Le jour 1 s'ouvre à Tarangire, où la rivière Tarangire en saison sèche attire des troupeaux d'éléphants pouvant compter des centaines de têtes venues de centaines de kilomètres à la ronde. D'anciens baobabs ancrent le paysage — certains millénaires, leurs branches argentées tendues vers le ciel comme les bras d'une chose patiente et immense. Vous dormez dans un lodge en bordure du parc ou à l'intérieur même du parc, de sorte à être sur les pistes dès l'ouverture des portes le lendemain.
Le jour 2 est le cadeau de Tarangire : une journée complète et sans contrainte, sans obligation de transfert. Un circuit matinal à travers la section nord, une poussée à midi vers le sud jusqu'au marais de Silale où le paysage passe de la savane à baobabs à une plaine inondable parsemée de palmiers, et un trajet retour l'après-midi tandis que la lumière tourne au cuivre. Le petit koudou, l'oryx à oreilles frangées et les pythons drapés dans les figuiers des rives font de Tarangire un lieu unique.
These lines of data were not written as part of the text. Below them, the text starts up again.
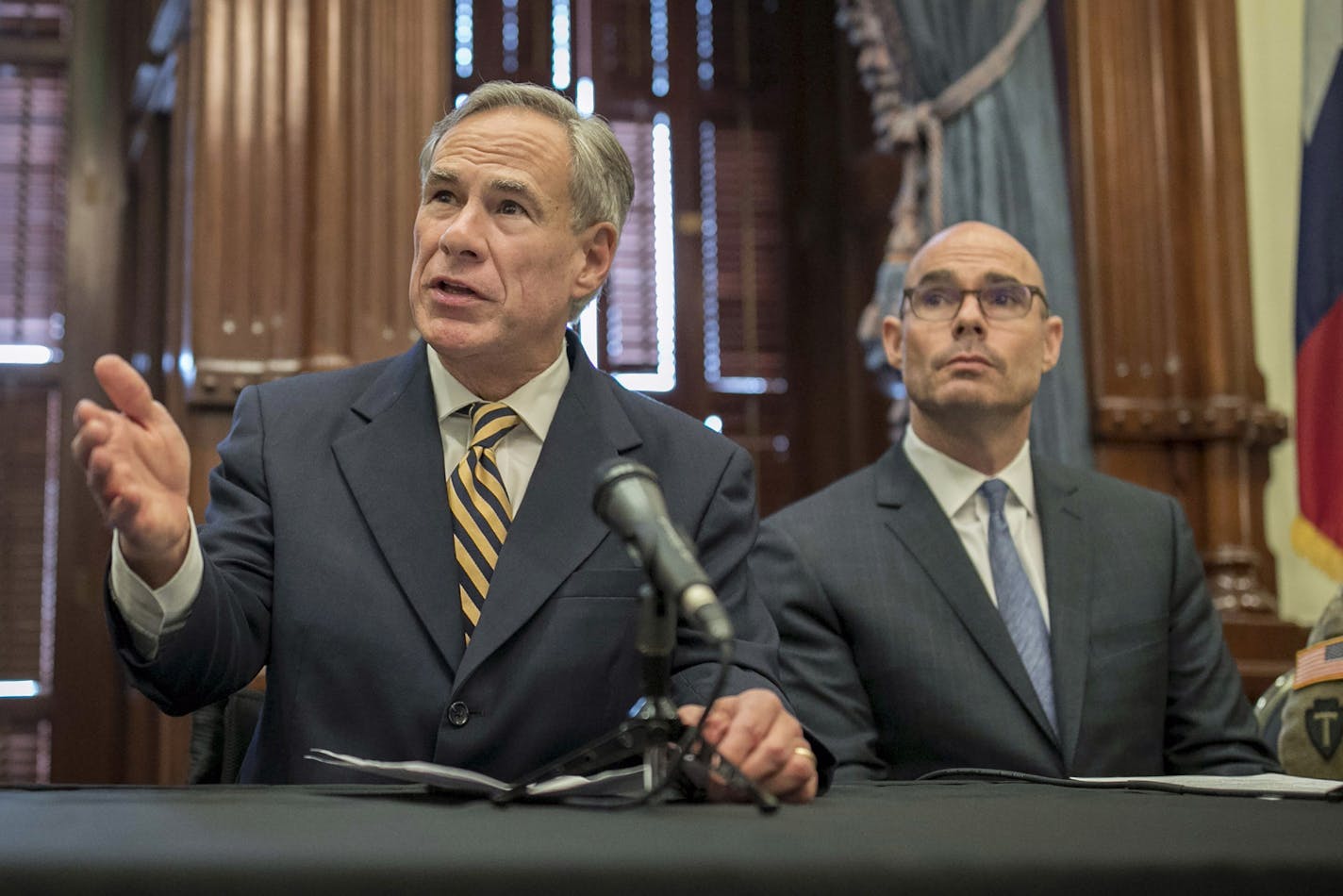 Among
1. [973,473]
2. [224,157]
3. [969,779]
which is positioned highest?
[224,157]

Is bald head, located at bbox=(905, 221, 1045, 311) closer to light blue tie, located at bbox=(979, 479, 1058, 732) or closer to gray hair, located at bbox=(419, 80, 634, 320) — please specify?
light blue tie, located at bbox=(979, 479, 1058, 732)

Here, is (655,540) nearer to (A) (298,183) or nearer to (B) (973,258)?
(B) (973,258)

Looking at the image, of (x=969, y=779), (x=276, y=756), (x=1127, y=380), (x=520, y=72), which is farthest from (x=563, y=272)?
(x=520, y=72)

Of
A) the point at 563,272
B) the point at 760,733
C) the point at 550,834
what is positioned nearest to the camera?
the point at 550,834

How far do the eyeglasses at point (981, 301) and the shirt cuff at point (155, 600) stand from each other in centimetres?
174

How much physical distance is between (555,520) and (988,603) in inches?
37.9

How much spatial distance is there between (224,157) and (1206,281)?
2.45 metres

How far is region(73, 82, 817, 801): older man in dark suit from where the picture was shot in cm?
182

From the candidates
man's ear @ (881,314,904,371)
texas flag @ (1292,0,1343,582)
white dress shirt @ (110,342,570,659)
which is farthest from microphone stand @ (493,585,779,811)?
texas flag @ (1292,0,1343,582)

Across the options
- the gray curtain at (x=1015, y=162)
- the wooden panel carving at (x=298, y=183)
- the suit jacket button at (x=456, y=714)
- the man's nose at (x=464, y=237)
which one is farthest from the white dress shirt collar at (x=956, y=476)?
the wooden panel carving at (x=298, y=183)

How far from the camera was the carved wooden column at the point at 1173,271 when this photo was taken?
3824mm

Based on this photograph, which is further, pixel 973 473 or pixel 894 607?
pixel 973 473

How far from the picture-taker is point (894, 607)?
259 cm

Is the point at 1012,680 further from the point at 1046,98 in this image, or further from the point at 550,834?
the point at 1046,98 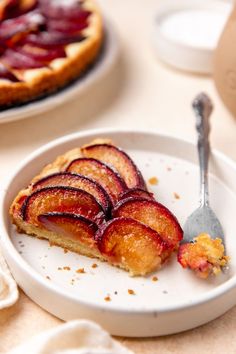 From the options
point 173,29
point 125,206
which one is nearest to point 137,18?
point 173,29

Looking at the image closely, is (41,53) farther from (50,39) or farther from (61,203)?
(61,203)

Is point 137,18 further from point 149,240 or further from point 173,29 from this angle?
point 149,240

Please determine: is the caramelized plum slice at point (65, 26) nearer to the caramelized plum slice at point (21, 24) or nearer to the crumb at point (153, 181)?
the caramelized plum slice at point (21, 24)

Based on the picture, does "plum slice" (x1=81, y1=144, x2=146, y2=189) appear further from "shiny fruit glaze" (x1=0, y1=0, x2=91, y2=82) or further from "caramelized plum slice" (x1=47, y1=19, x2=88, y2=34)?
"caramelized plum slice" (x1=47, y1=19, x2=88, y2=34)

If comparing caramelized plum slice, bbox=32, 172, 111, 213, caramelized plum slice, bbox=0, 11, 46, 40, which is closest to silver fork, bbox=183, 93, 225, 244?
caramelized plum slice, bbox=32, 172, 111, 213

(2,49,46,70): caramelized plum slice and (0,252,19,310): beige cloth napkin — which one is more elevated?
(2,49,46,70): caramelized plum slice

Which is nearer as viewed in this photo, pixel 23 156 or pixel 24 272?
pixel 24 272

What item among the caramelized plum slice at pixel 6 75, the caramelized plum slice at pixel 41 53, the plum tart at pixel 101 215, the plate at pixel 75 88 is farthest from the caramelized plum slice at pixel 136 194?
the caramelized plum slice at pixel 41 53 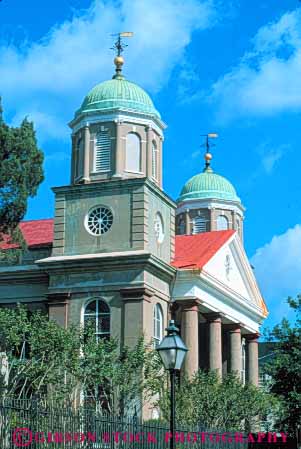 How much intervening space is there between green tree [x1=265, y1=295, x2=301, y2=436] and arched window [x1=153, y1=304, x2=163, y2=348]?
5.33 meters

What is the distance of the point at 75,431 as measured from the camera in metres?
20.2

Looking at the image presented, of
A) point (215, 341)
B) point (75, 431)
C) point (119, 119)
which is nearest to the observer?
point (75, 431)

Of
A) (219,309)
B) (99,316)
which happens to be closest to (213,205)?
(219,309)

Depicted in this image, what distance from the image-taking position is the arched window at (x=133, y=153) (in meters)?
40.2

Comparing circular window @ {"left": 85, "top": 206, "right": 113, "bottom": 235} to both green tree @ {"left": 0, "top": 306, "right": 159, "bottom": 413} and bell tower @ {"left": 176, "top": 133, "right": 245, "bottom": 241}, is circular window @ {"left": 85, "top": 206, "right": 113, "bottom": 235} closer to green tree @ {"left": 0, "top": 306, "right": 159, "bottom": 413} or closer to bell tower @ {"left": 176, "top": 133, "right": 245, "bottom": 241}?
green tree @ {"left": 0, "top": 306, "right": 159, "bottom": 413}

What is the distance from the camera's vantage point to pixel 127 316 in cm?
3709

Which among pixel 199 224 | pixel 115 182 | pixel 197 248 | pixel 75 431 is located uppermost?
pixel 199 224

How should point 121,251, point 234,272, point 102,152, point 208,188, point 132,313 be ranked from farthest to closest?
point 208,188, point 234,272, point 102,152, point 121,251, point 132,313

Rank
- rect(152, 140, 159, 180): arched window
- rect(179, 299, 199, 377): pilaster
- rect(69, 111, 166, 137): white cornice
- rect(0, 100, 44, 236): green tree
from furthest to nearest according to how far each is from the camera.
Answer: rect(152, 140, 159, 180): arched window, rect(69, 111, 166, 137): white cornice, rect(179, 299, 199, 377): pilaster, rect(0, 100, 44, 236): green tree

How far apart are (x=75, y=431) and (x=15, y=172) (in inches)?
533

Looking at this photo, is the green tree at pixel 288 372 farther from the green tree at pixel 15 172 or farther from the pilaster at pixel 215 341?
the green tree at pixel 15 172

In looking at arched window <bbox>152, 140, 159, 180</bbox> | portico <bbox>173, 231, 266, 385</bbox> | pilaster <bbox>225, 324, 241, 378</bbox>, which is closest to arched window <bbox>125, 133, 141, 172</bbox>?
arched window <bbox>152, 140, 159, 180</bbox>

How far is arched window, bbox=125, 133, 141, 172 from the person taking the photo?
132 ft

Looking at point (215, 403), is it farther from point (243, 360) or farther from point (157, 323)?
point (243, 360) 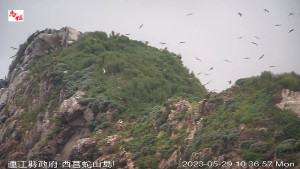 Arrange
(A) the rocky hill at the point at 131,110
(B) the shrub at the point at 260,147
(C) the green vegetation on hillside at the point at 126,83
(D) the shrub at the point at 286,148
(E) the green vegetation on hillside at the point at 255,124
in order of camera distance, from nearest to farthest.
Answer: (D) the shrub at the point at 286,148 < (E) the green vegetation on hillside at the point at 255,124 < (B) the shrub at the point at 260,147 < (A) the rocky hill at the point at 131,110 < (C) the green vegetation on hillside at the point at 126,83

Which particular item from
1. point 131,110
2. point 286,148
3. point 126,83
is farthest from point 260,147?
point 126,83

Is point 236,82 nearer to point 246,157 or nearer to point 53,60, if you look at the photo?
point 246,157

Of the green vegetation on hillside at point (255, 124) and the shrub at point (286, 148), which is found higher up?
the green vegetation on hillside at point (255, 124)

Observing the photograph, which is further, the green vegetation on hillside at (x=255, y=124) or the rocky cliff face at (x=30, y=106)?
the rocky cliff face at (x=30, y=106)

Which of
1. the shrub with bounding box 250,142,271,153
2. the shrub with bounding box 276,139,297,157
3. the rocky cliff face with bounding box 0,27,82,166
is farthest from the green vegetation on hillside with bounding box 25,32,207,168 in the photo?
the shrub with bounding box 276,139,297,157

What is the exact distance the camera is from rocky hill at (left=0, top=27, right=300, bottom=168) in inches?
1593

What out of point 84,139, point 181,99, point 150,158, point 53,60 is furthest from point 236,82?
point 53,60

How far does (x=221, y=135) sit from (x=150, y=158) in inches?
357

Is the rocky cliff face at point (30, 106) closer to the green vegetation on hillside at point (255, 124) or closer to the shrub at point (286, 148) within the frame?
the green vegetation on hillside at point (255, 124)

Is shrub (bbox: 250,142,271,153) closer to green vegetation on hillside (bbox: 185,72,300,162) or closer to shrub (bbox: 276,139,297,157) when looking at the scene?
green vegetation on hillside (bbox: 185,72,300,162)

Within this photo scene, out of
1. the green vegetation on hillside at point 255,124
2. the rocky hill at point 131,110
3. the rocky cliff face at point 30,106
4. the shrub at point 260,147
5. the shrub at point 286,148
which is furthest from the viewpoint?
the rocky cliff face at point 30,106

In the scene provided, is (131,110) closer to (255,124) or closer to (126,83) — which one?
(126,83)

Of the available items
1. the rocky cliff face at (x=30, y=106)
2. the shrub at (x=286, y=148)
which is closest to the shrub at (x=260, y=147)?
the shrub at (x=286, y=148)

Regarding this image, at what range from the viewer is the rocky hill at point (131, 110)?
1593 inches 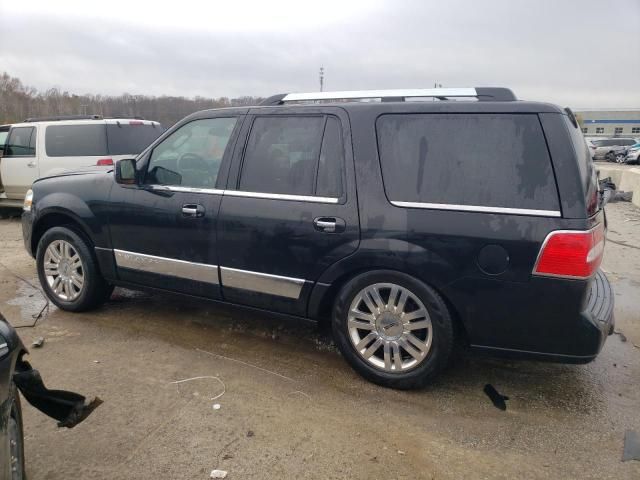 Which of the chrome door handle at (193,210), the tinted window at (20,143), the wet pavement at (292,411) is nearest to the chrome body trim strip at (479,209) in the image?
the wet pavement at (292,411)

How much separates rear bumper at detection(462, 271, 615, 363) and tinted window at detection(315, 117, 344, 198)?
1.34m

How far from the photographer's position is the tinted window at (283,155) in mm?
3502

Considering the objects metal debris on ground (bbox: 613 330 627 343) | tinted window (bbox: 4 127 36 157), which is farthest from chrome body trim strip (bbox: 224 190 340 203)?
tinted window (bbox: 4 127 36 157)

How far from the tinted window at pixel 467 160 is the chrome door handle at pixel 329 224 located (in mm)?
377

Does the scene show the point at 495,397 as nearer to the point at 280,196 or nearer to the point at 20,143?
the point at 280,196

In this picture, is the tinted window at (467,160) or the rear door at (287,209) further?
the rear door at (287,209)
Les jours 3 et 4 sont consacrés au centre du Serengeti : la vallée de Seronera avec ses léopards résidents dans la canopée d'acacias, les rochers-kopjes où des prides de lions se sont établies depuis des générations, et — durant la fenêtre de juillet à octobre — la conscience que des centaines de milliers de gnous sont en mouvement quelque part dans cet écosystème. Deux nuits au même endroit, et une journée complète le jour 4 pour prouver que le Serengeti les mérite.
Le jour 5 file vers le sud-est : la traversée de la NCA jusqu'à la crête du cratère, avec une arrivée à temps pour l'après-midi au lodge et un coucher de soleil frisquet sur la crête, la caldeira étalée en contrebas dans les dernières lueurs. Le jour 6 descend la piste de Seneto à 6h vers le fond du cratère — 260 kilomètres carrés, 25 000 grands mammifères, rhinocéros noir sur la prairie à découvert, flamants sur le lac Magadi — puis remonte via Lerai et roule trois heures et demie jusqu'à Arusha. Pas de retour à Karatu. Direction Arusha, prêt pour le vol qui compte vraiment.
Le jour 7 est la rupture géographique : un vol en petit avion vers l'ouest depuis Arusha, traversant l'intérieur de la Tanzanie que presque aucun visiteur ne voit jamais — les vastes forêts de miombo, les escarpements du rift occidental, le fil d'argent de l'eau descendant vers le lac Tanganyika. La traversée en bateau depuis la piste de Kalolwa jusqu'au parc national des monts Mahale prend quatre-vingt-dix minutes sur un lac long de 673 kilomètres et profond de 1 470 mètres. Aucun autre camp n'est visible depuis la plage, dans quelque direction que ce soit.
Les jours 8 et 9 sont des matinées de trek chimpanzé. Le groupe M — plus de soixante individus, habitués grâce à cinq décennies de recherche patiente et non intrusive — se déplace quelque part dans la canopée forestière montagnarde. Les pisteurs ont localisé leur position nocturne pendant votre sommeil. L'après-midi de chaque journée de trek appartient au lac : snorkeling au-dessus de jardins de cichlidés endémiques dans une eau si claire que vous pouvez vous orienter à vue jusqu'à quinze mètres, kayak le long d'un rivage forestier non aménagé, croisière en boutre traditionnel où le batelier signale des traces d'hippopotames sur des plages isolées. Le jour 10 est la traversée d'adieu et le vol du retour.